In some other languages (e.g., Russian and German) they use the term "factor group", although this term was introduced by Hölder to mean something more precise: he used Factorgruppe (see p. 33 of his paper) to refer to the simple quotient groups that arise from a composition series. Why call them factor groups? Probably because these simple quotient groups "decompose" the original group, hence they are like prime factors. Later Burnside, in his book, treated the terms "quotient group" and "factor group" as synonyms for what we call quotient groups. Perhaps that is how the terms factor group and quotient group wound up getting used to mean the same thing.
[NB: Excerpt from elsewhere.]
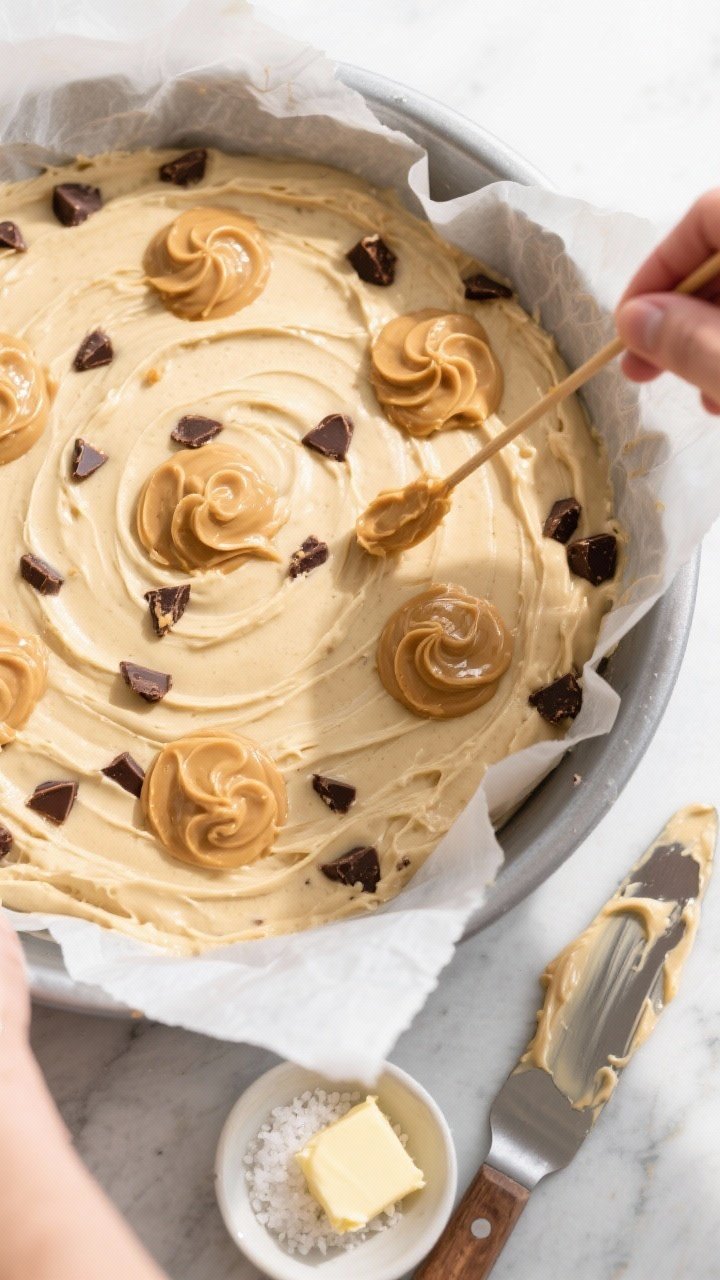 Cooking process: Overhead shot of the thick blondie batter smoothed in a parchment-lined 8-inch pan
You might also like to read section 1.1 of Leo Corry's book Modern Algebra and the Rise of Mathematical Structures, which discusses more generally the genesis of group theory.
According to Young, Amer. Jnl. Math, 1893, p.130 the terminology was introduced by Hölder when he proved the uniqueness of the factor groups in composition series (Jordan-Hölder theorem) in his 1889 paper in Mathematische Annalen titled Zurückführung einer beliebigen algebraischen Gleichung auf eine Kette von Gleichungen. This is often cited as the first clear formulation of the concept of a quotient group. Perhaps someone who reads German can tell us what the German term was and, further, tell us if Hölder gives any reason for the choice of the terminology.
Update: skimming Hölder's article confirms Young's claim: Holder uses the terminology "Quotienten der Gruppen", see the following excerpt from p.31
Julia Nicholson wrote in her 1993 Historia Math. paper on the history of quotient groups
In 1893 Cayley wrote a "Note on the so-called quotient G/H in the theory of groups," in which he cited Hölder's paper of 1889 and referred to a paper of Young's [1893], who, in his turn, attributed the definition of quotient group and the term 'quotient' to Hölder. In a paper of his own [1893, 317], Hölder cited Jordan, saying that quotient groups had already appeared in Jordan's work and that he (Hölder) drew up their theory anew in 1889.
If the group $G$ has $24$ members and a normal subgroup $H$ has $6$ members, then $G/H$ has $24/6$ members and $24/6$ is clearly a quotient. Division is an operation on numbers defined initially by thinking about finite sets: split a set of $24$ members into parts of size $6$; then how many such parts are there? Clearly that is a quotient, in the sense of a number that results from division, and clearly that's how quotient groups are formed: a quotient group is a group of cosets.
(This is "quotition division" as opposed to "partition division".)